What does the future hold: Premji Invest’s 6 AI predictions
The world of AI (especially generative AI) has seen a lot of activity over the past 12 months.
With announcements from industry (Gemini, LLaMA, GPT4 Turbo), new research from academia (NeurIPS 2023 saw a ~30% increase in number of paper submissions) and increasing government regulation (Biden’s Executive Order on AI and EU’s AI Act), it might seem incredibly hard to foresee how the landscape will evolve in 2024.
At Premji Invest, we’re privileged to have a unique, full-stack investing strategy from series A to public equities that allows us to understand how, where and to whom value might accrue.
Our public markets practice gives us unique insight into how hyperscalers and chip manufacturers think of innovations and economics in the compute layer. Our growth equity practice charts out the challenges scaled tech companies face in deploying AI into production. And finally, our early-stage effort helps us look around the corner to understand how entrepreneurs are thinking of entirely new systems of record and engagement with LLMs at the center.
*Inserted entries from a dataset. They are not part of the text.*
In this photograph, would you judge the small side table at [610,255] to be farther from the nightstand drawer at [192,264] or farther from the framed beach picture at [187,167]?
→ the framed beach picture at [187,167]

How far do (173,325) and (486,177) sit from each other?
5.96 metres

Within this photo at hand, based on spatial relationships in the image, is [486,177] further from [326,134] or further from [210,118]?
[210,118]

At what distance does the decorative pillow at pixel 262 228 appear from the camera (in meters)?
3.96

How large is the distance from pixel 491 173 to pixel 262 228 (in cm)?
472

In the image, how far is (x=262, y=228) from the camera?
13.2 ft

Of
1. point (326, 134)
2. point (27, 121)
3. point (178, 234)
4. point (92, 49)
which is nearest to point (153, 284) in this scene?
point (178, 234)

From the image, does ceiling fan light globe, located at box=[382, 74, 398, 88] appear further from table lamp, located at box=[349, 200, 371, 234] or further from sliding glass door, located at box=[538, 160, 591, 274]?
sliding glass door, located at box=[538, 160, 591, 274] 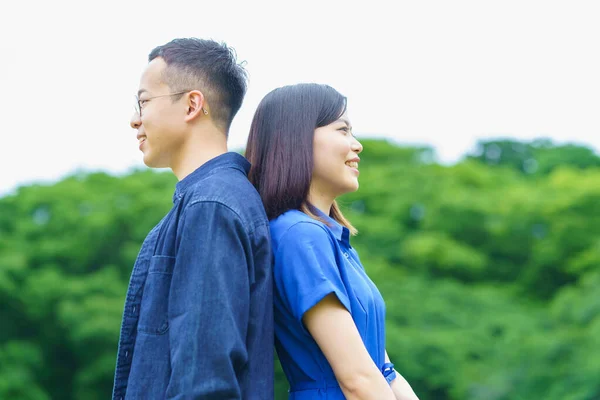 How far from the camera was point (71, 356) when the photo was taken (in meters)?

Each of these practices feeds insights into each other, allowing us a more comprehensive view of the AI value chain.
We’re excited for what is in store in 2024, and these are our top 6 predictions for the year.
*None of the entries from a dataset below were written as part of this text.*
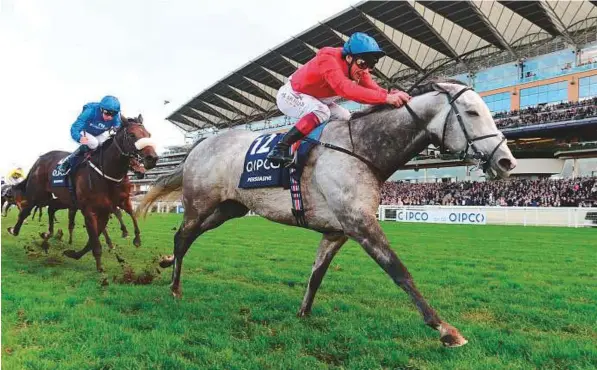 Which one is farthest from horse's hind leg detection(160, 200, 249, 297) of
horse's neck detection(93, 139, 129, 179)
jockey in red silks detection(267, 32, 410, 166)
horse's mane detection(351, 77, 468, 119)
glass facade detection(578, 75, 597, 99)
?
glass facade detection(578, 75, 597, 99)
#1: Single model dominance wanes
Over the past year, we’ve seen organizations use a single, very large model to solve specific use cases, at times with multiple calls to the LLM for a single query. However, single, large models are often times performant and fast, but are costly to use. While slivers of the market (e.g. for internal use cases) might use large models, the dominant method by which LLM apps get created will be ensemble models.
Ensemble models are basically a collection of models that come together to do a specific task. So instead of trying to find the perfect solution to the trifecta of performance, cost and latency with just 1 model, enterprises will use many models working in tandem. The ensemble models approach also allows enterprises to swap different models in and out, reducing their dependency on just one model provider, and potentially just one cloud provider.
There could be various implementations of this architecture, including fine tuning models to perform a specific task with low hallucination, using a model to check the results of the overall system, and even switching off models that aren’t needed depending on the context of a conversation.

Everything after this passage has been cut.